Встречи все-таки состоялись. Но не в ту пору, когда нью-йоркский полицейский Фрэнк Серпико в течение нескольких лет тщетно добивался приема у своего начальства и отцов города. Его попытки разоблачить коррупцию в рядах полиции наталкивались на стену безразличия. Встречи состоялись только тогда, когда имя Серпико стало известно всей Америке, через несколько часов после того, как прозвучал роковой выстрел. Местом встреч были не мэрия и не полицейский комиссариат, а гринпойнтская больница, куда Серпико доставили с тяжелым ранением в голову, полученным во время рейда на квартиру торговца наркотиками. Сюда, в палату, спешили выразить ему свое восхищение и сочувствие и мэр города Джон Линдсей, и полицейский комиссар Патрик Мэрфи, и его заместители, и главный инспектор полиции, и многие другие высшие чины.
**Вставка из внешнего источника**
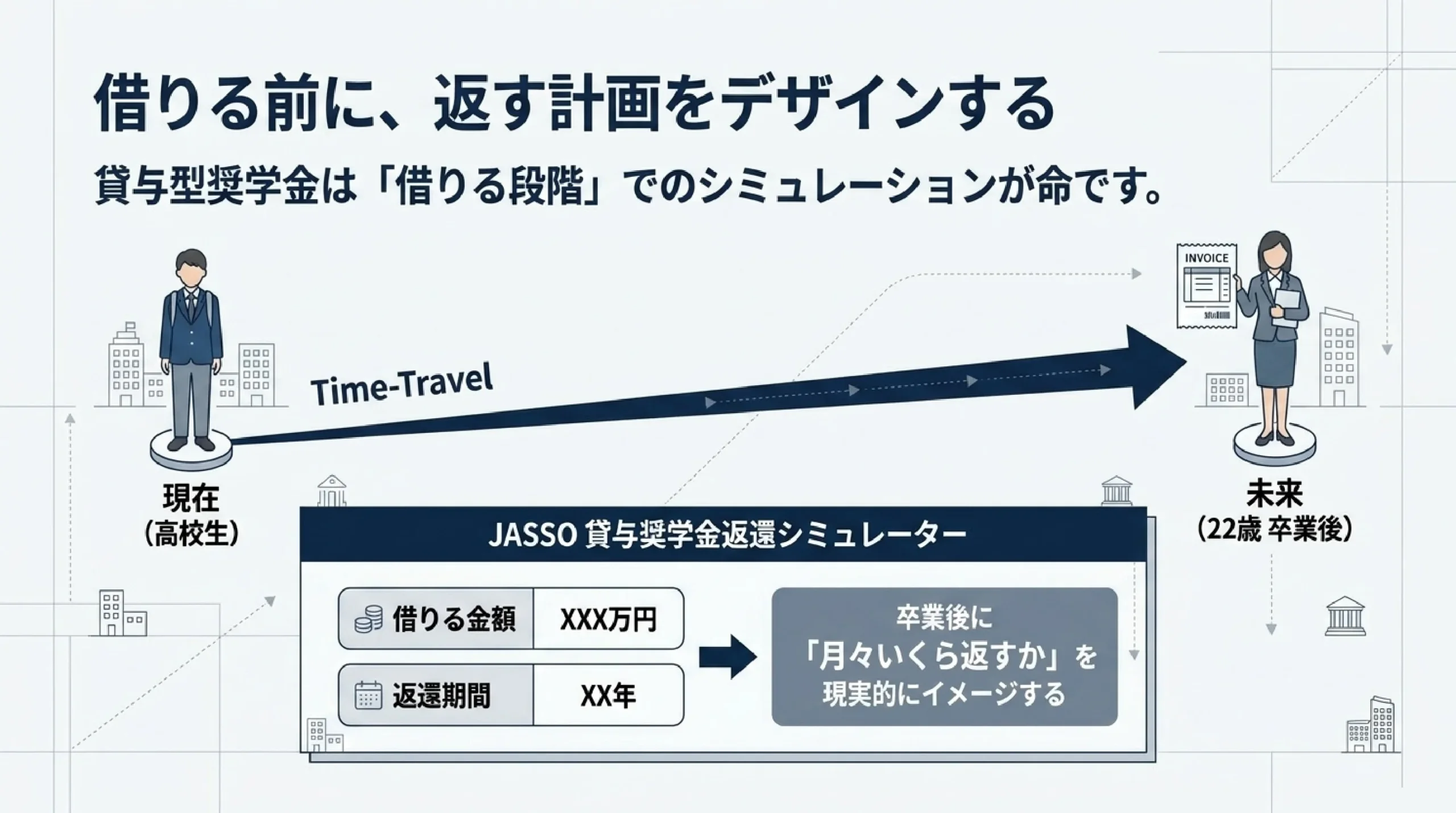 大学の学費はいくら?国公立・私立の目安と奨学金・無償化をやさしく解説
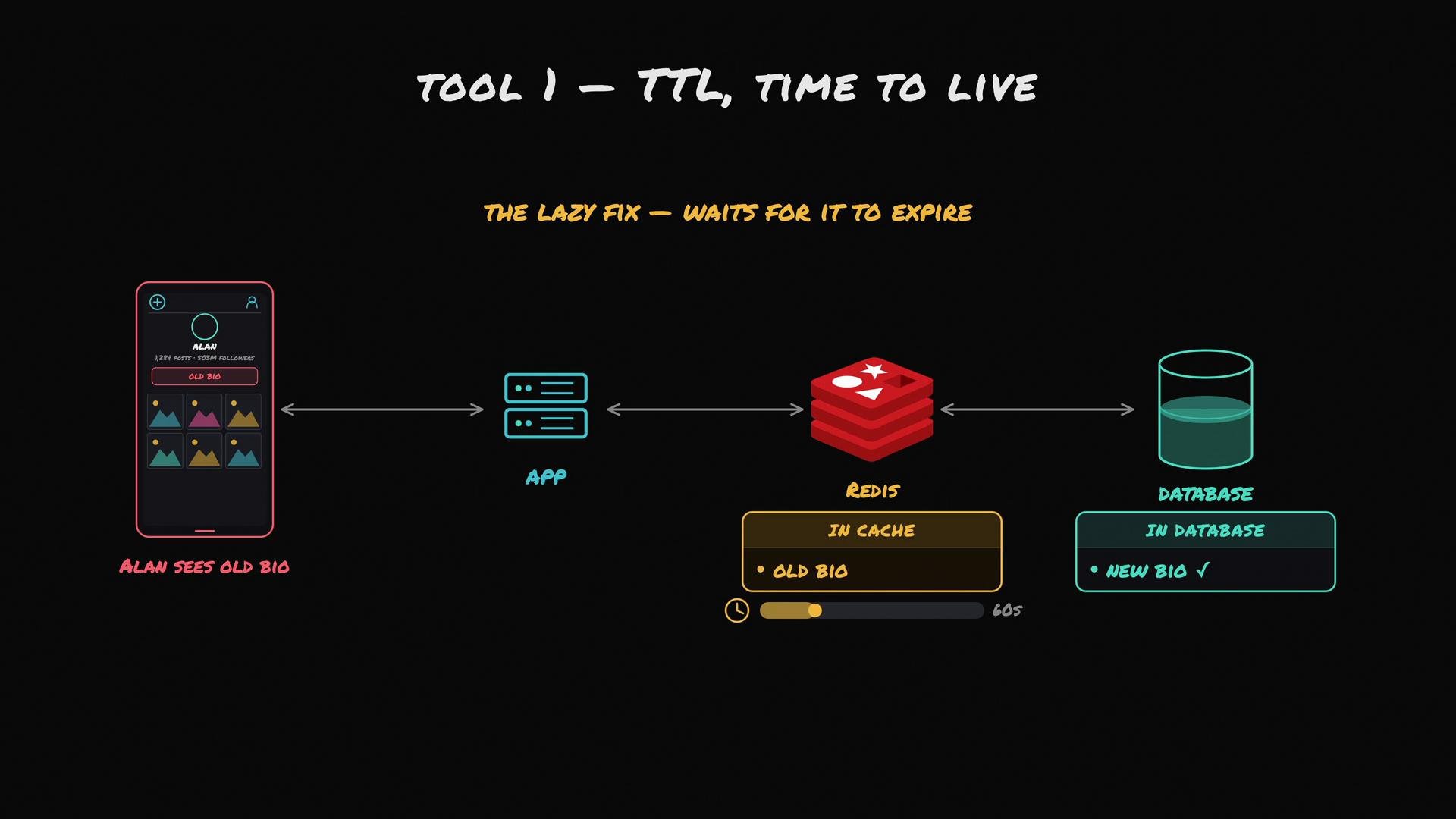 The image illustrates a system design using a Time to Live (TTL) cache mechanism, showing data flow between an app, Redis cache, and a database, with old and new bio information.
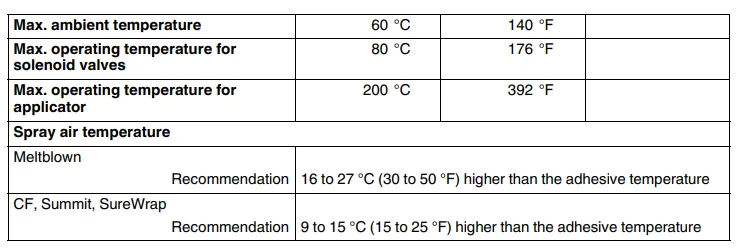 Nordson Universal TruFlow Divider User Manual Nordson Universal TruFlow Divider-28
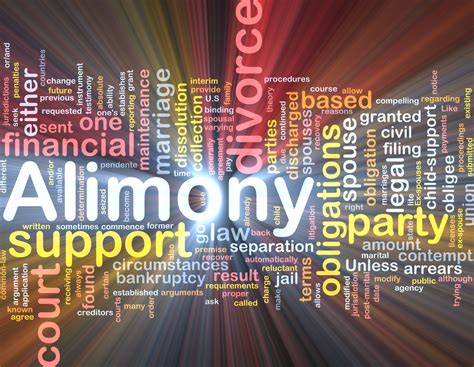 are alimony payments tax deductible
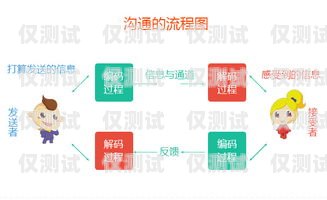 突破瓶頸，迎來高效溝通的新時代——終于有外呼系統外呼系統有用嗎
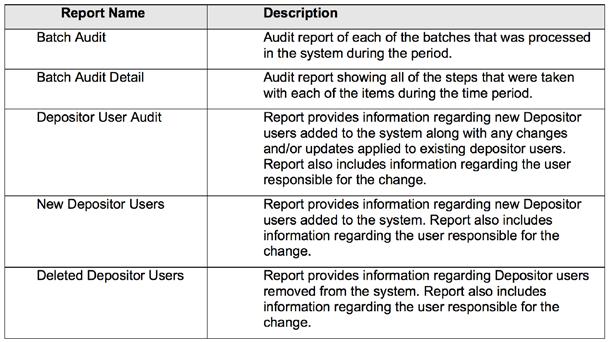 The following reports are available under the Audit
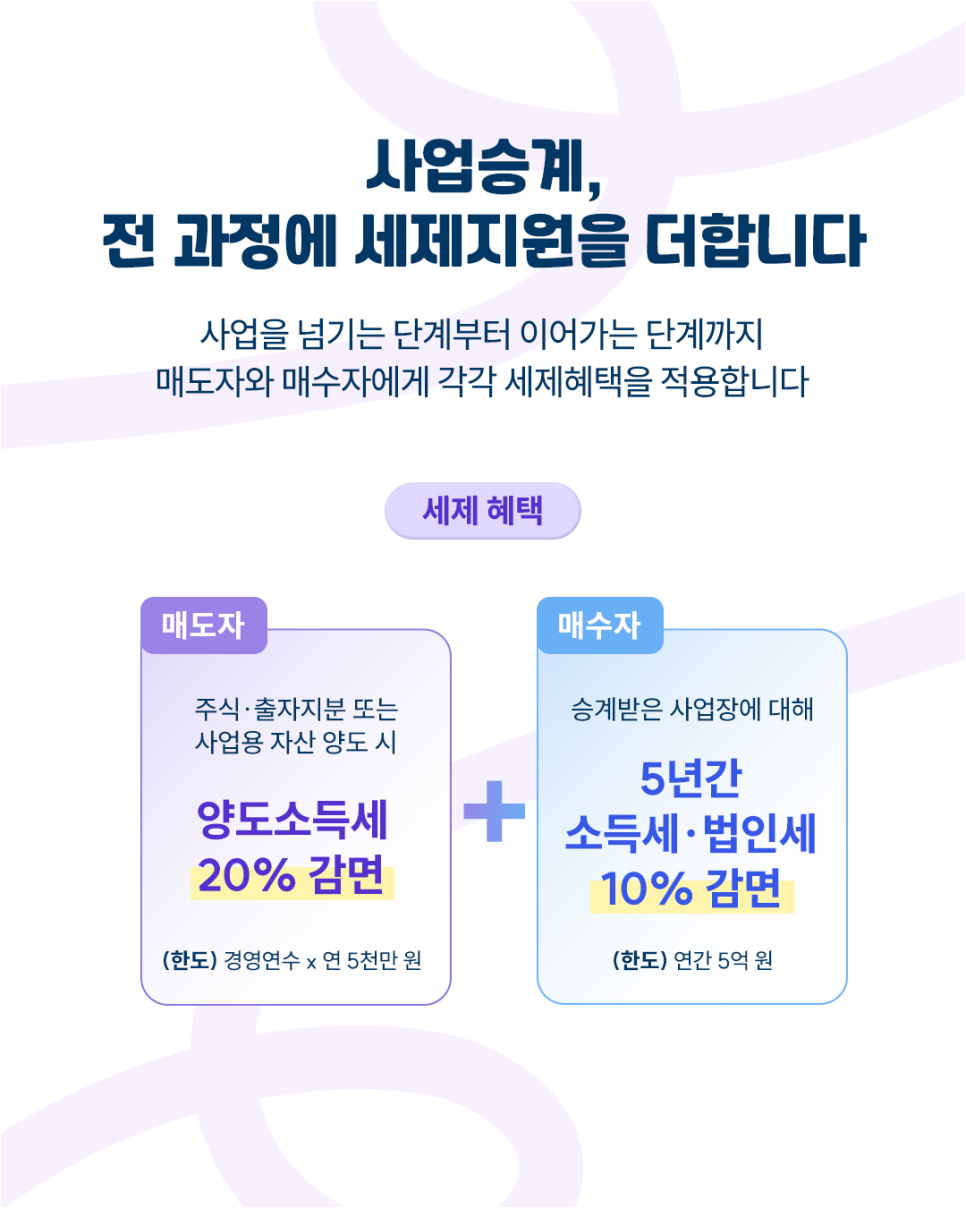 사업승계, 전과정에서 세제지원을 더합니다

사업을 넘기는 단계부터 이어가는 단계까지 매도자와 매수자에게 각각 세제혜택을 적용합니다

<세제혜택>

매도자 : 주식·출자지분 또는 사업용 자산 양도 시 양도소득세 20% 감면 (한도: 경영연수X 연 5천만 원)
+
매수자: 승계받은 사업장에 대해 5년간 소득세·법인세 10% 감면(한도: 연간 5억 원)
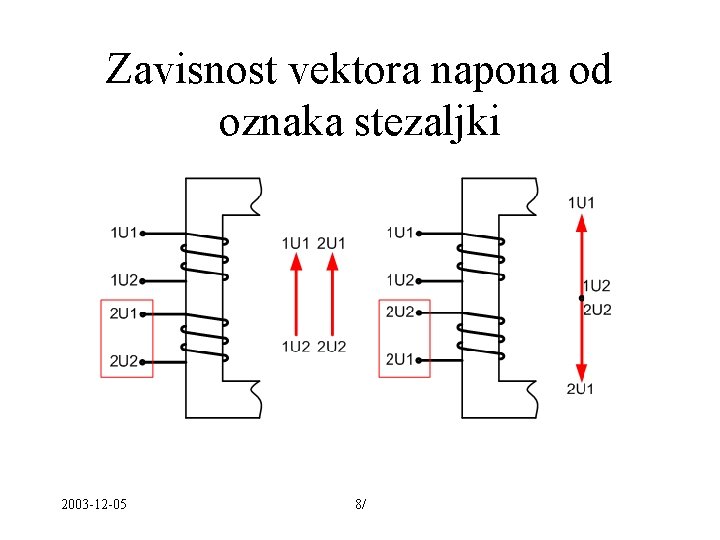 Zavisnost vektora napona od oznaka stezaljki 2003 -12 -05 8/ 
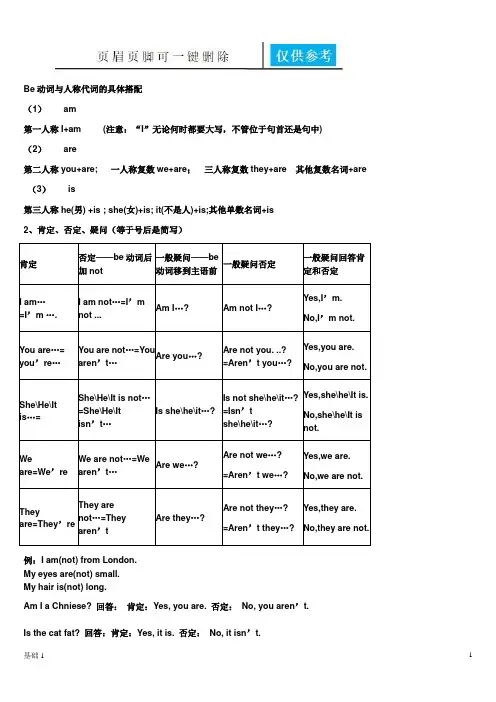 Be动词与人称代词的具体搭配(基本教学)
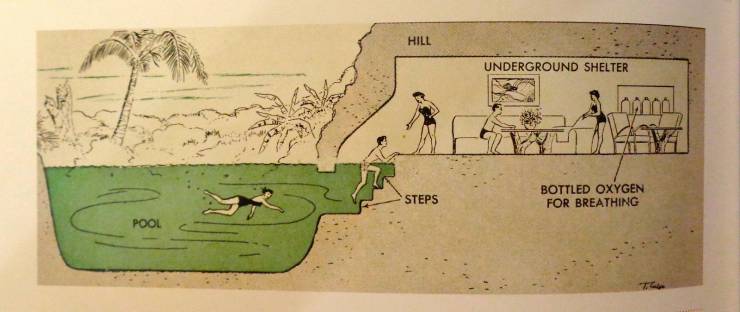 fallout shelter 1953 - Hill Underground Shelter Steps Bottled Oxygen For Breathing Pool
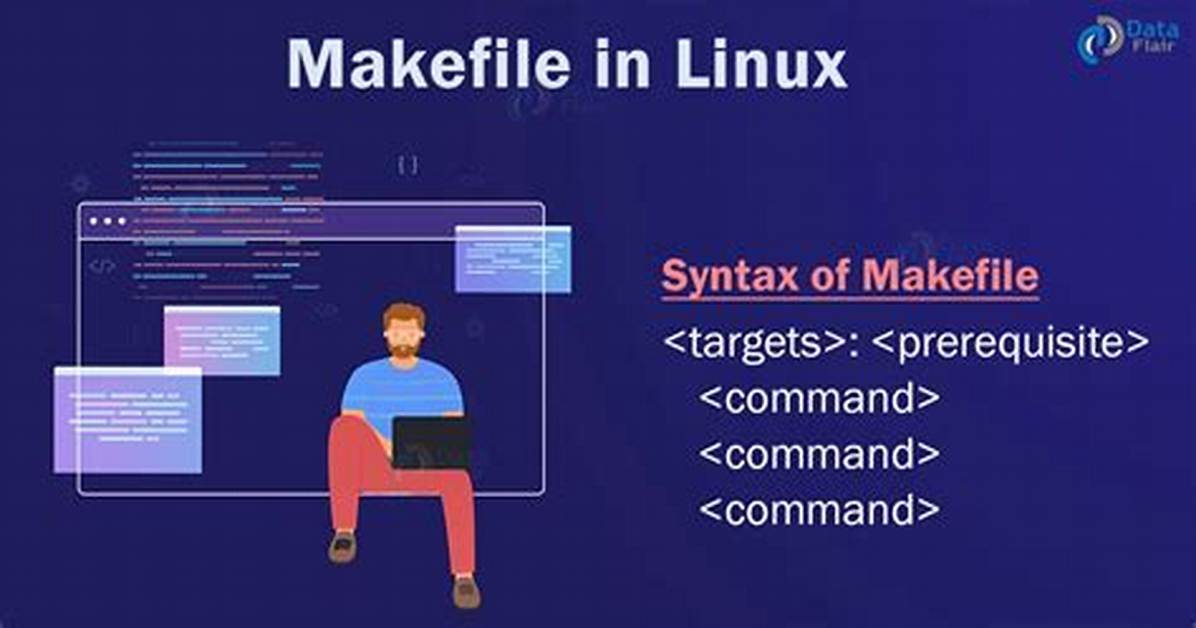 What Is Makefile in Linux?
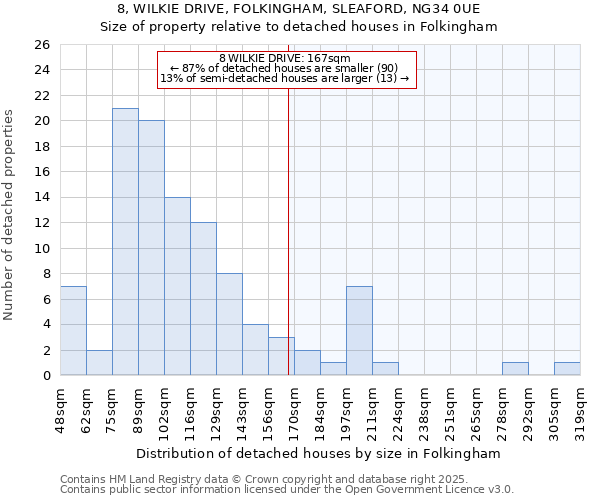 8, WILKIE DRIVE, FOLKINGHAM, SLEAFORD, NG34 0UE: Size of property relative to detached houses in Folkingham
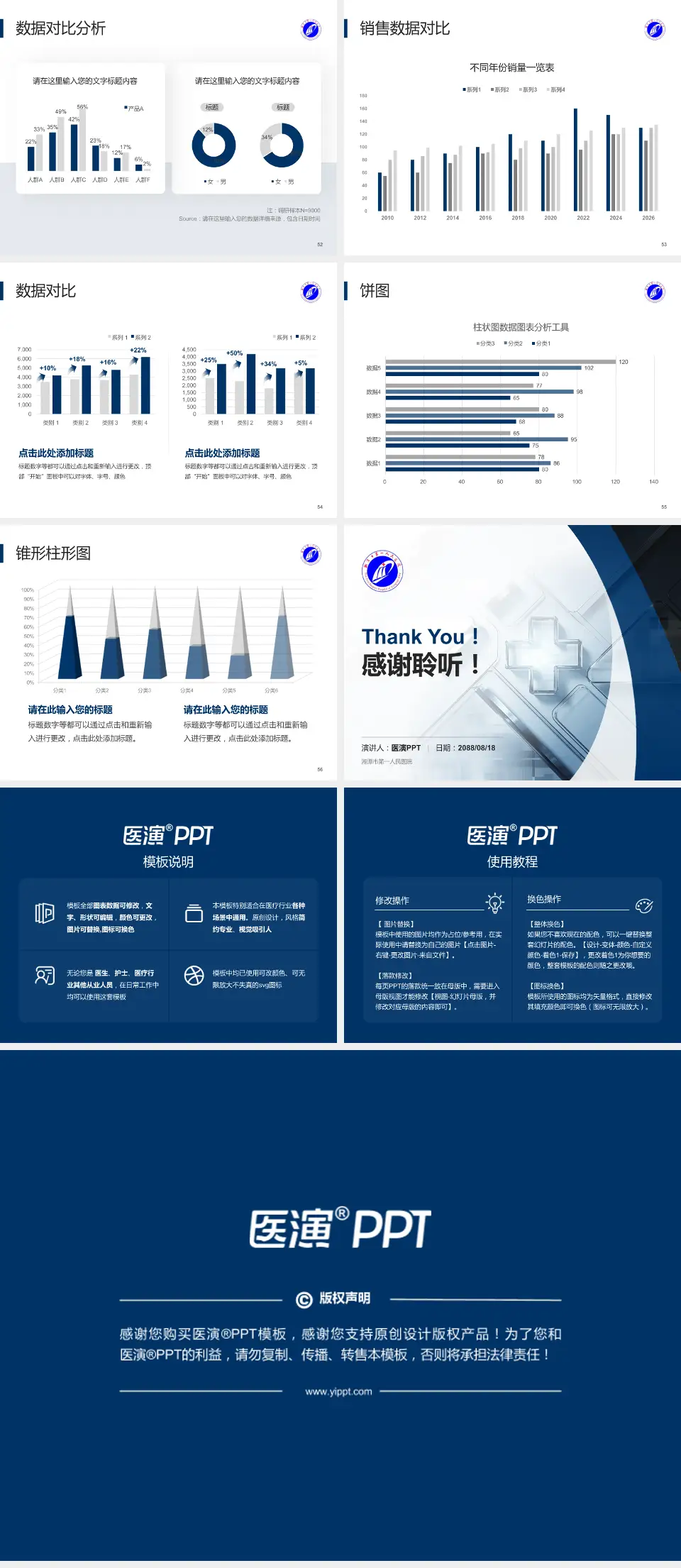 湘潭市第一人民医院医疗行业比赛专用PPT模板4:3格式幻灯片预览图7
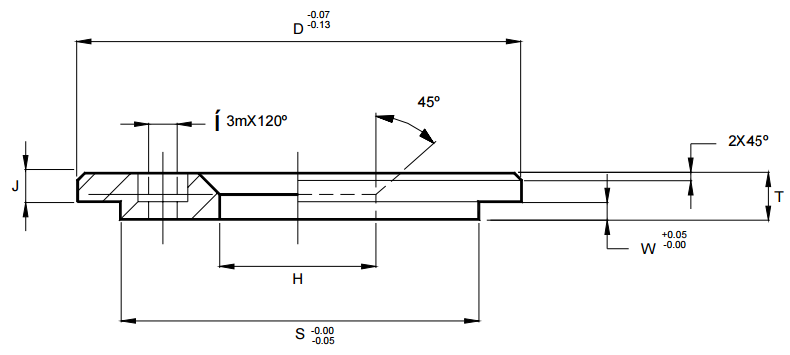 Aneis de Centragem DMS
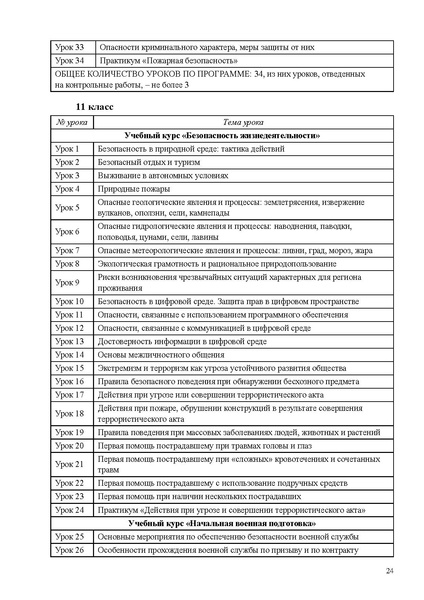 Файл:Приложение 4 ИМП ОБЗР 26-27.pdf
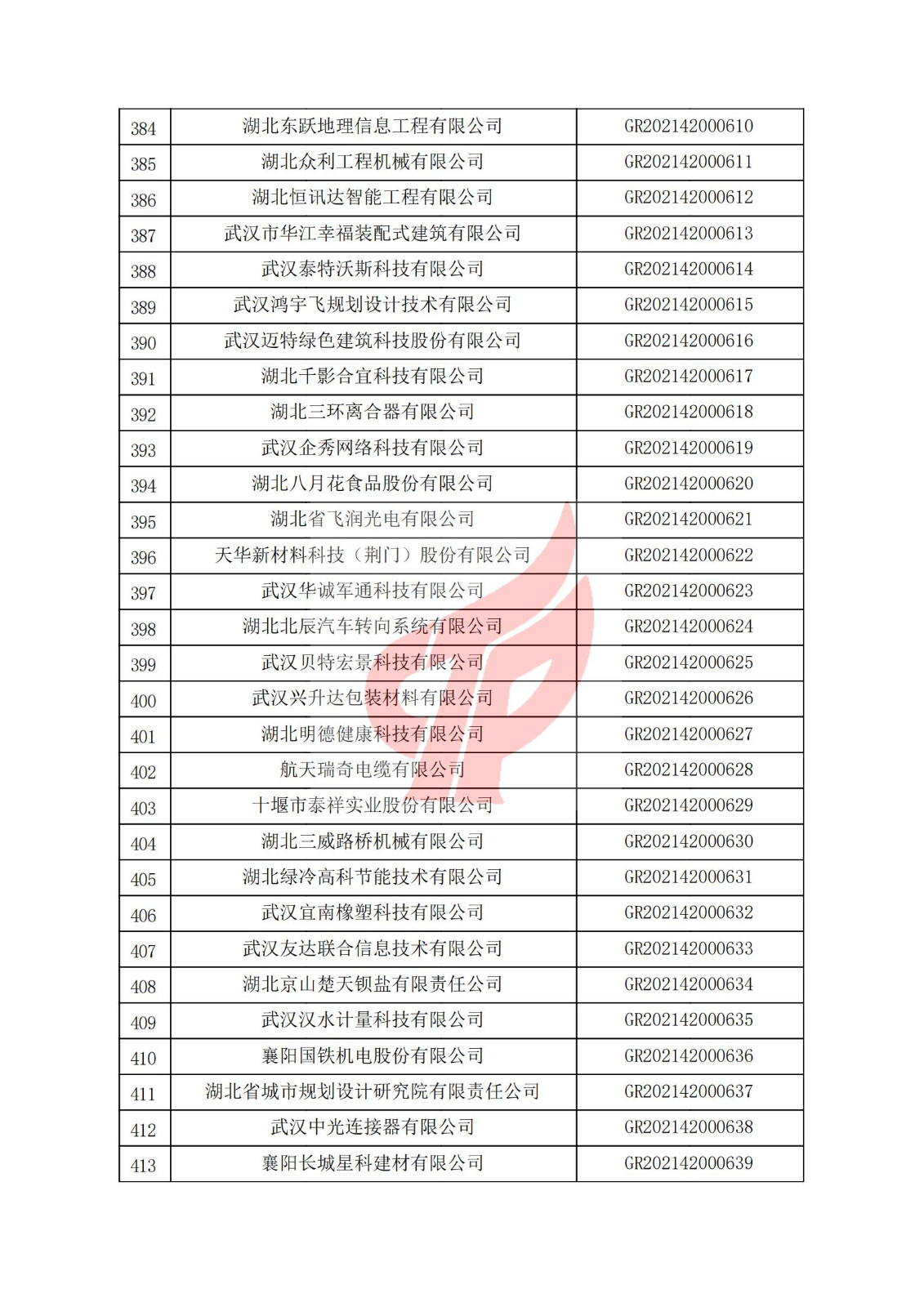 湖北省2021年認定的第二批高新技術企業進行備案名單_13.jpg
К постели больного подошел мэр.

— Полицейский Серпико,— торжественно произнес Линдсей.— Я знаю, вам очень плохо. Но я хочу сказать вам, что вы очень смелый человек и все ньюйоркцы гордятся вами.

Визит мэра длился минуту. Он вызвал у раненого лишь чувства горечи и негодования.

Почти четыре года назад он встретился с одним из ближайших помощников мэра и перечислил ему десятки фактов, свидетельствовавших о широком распространении мздоимства в полицейском управлении и о нежелании шефов полиции предпринимать какие-либо меры для его пресечения. Помощник доложил о разговоре мэру. Но тот не проявил никакого интереса к этому вопросу, отказался встретиться с Серпико и предпочел закрыть глаза на преступную деятельность блюстителей закона. Да и сейчас в больнице мэр хвалил его лишь за храбрость, проявленную в схватке с гангстерами. Он ни словом не обмолвился о том, что не меньшее мужество Фрэнк Серпико каждодневно проявлял в течение нескольких лет, ведя борьбу с преступниками в полицейской форме.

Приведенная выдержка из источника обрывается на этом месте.